*** The data Section Begins ***

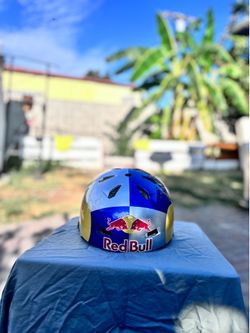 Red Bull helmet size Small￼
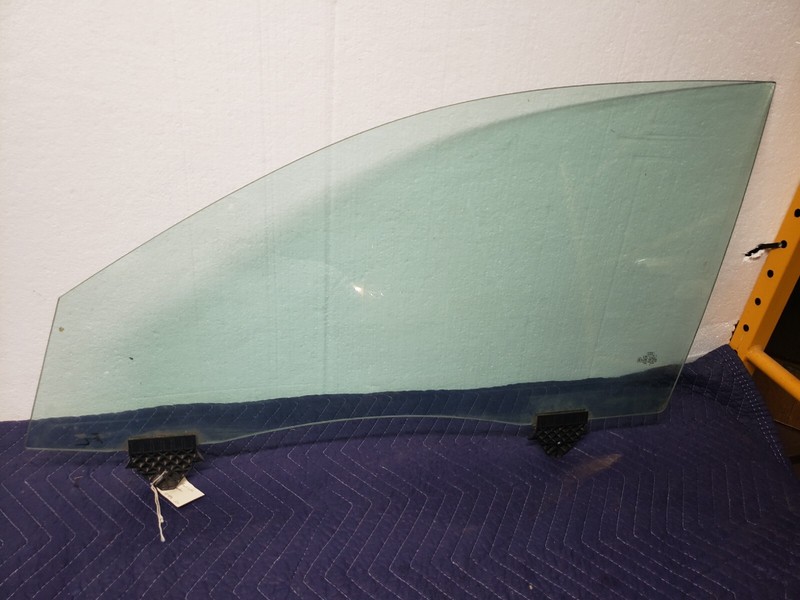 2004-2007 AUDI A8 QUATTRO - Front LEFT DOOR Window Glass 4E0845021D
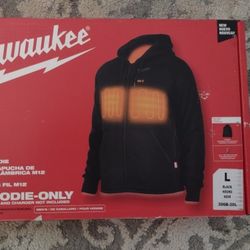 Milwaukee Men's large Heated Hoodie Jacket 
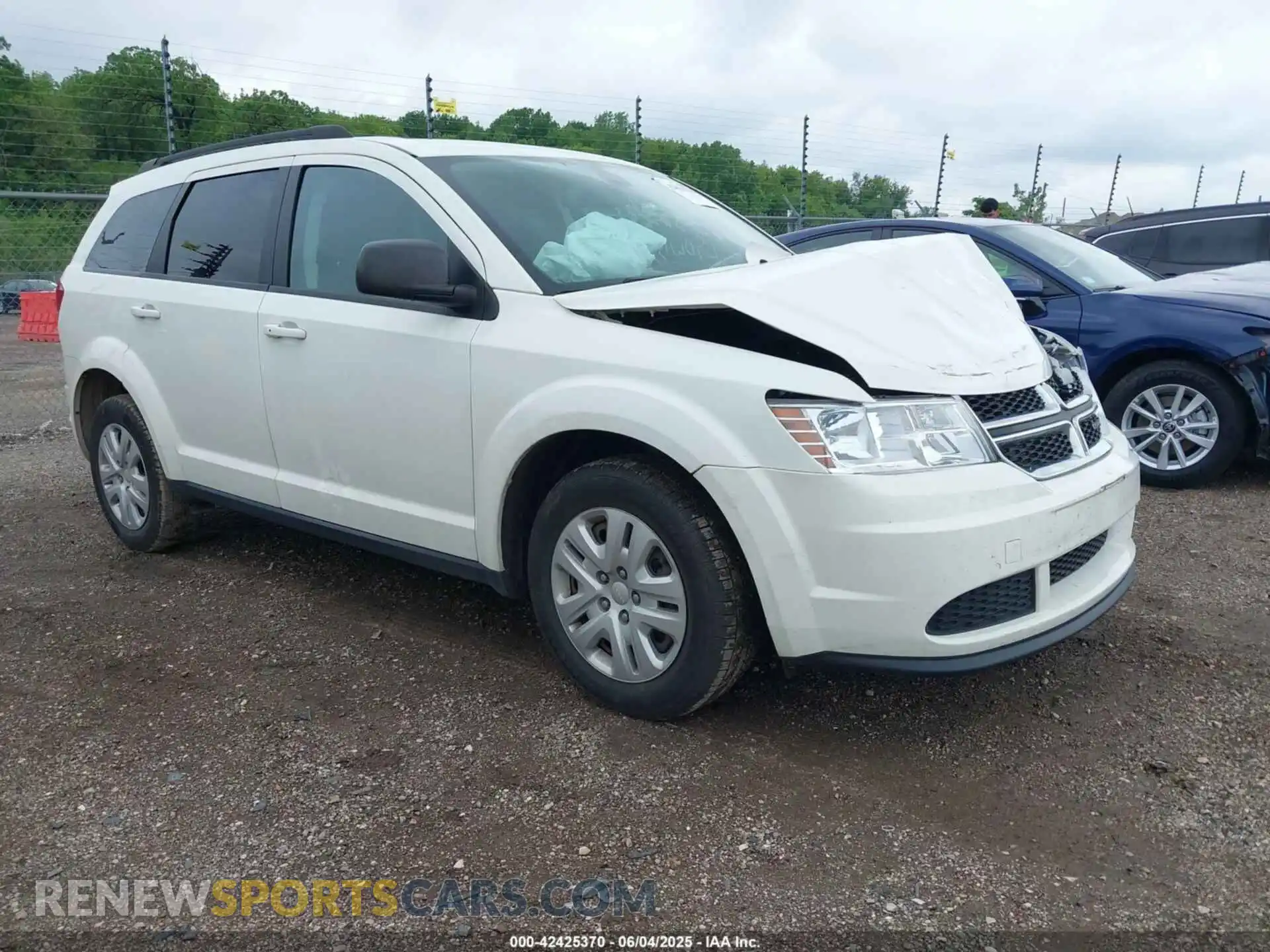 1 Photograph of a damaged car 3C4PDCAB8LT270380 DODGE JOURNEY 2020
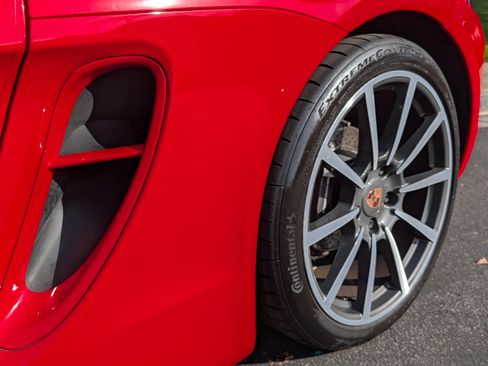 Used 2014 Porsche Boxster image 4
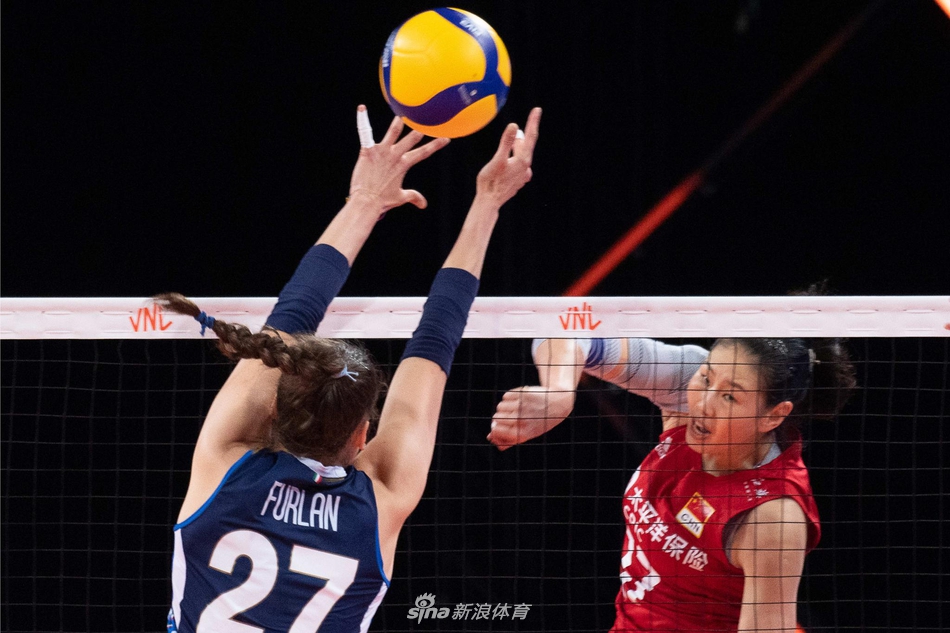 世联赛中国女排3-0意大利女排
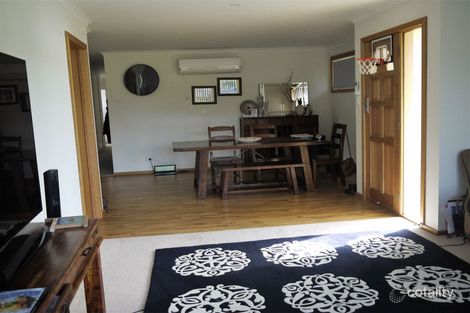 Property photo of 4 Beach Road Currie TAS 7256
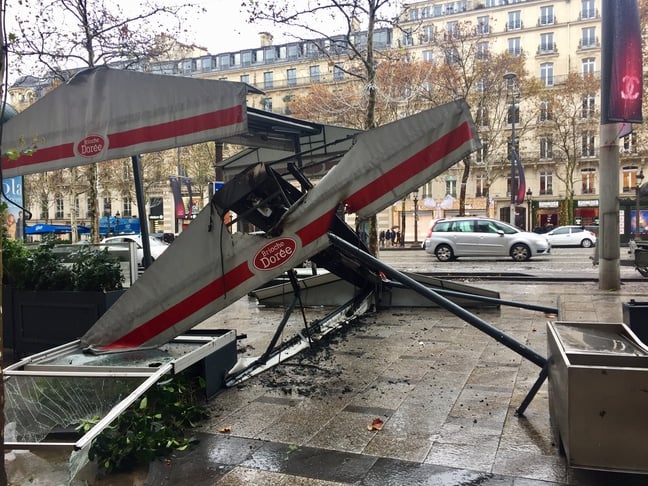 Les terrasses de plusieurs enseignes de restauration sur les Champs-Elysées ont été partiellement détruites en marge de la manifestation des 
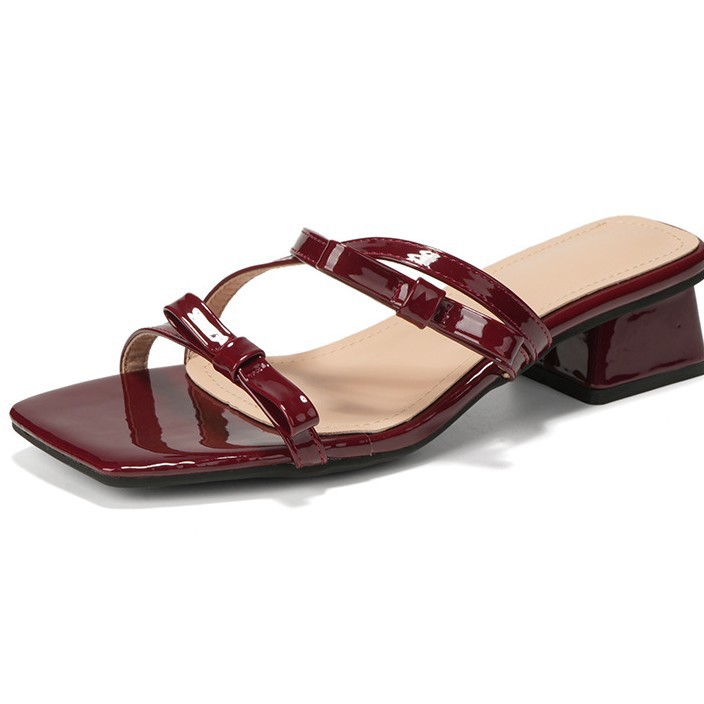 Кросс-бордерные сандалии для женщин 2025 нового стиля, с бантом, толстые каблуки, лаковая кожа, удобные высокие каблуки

*** The data Section Ends ***

Problem details
In the copy, include exactly the lines from the one with "Les terrasses de" through the final line of the data, both ends included, and no pictures.

Task answer
 Les terrasses de plusieurs enseignes de restauration sur les Champs-Elysées ont été partiellement détruites en marge de la manifestation des 
 Кросс-бордерные сандалии для женщин 2025 нового стиля, с бантом, толстые каблуки, лаковая кожа, удобные высокие каблуки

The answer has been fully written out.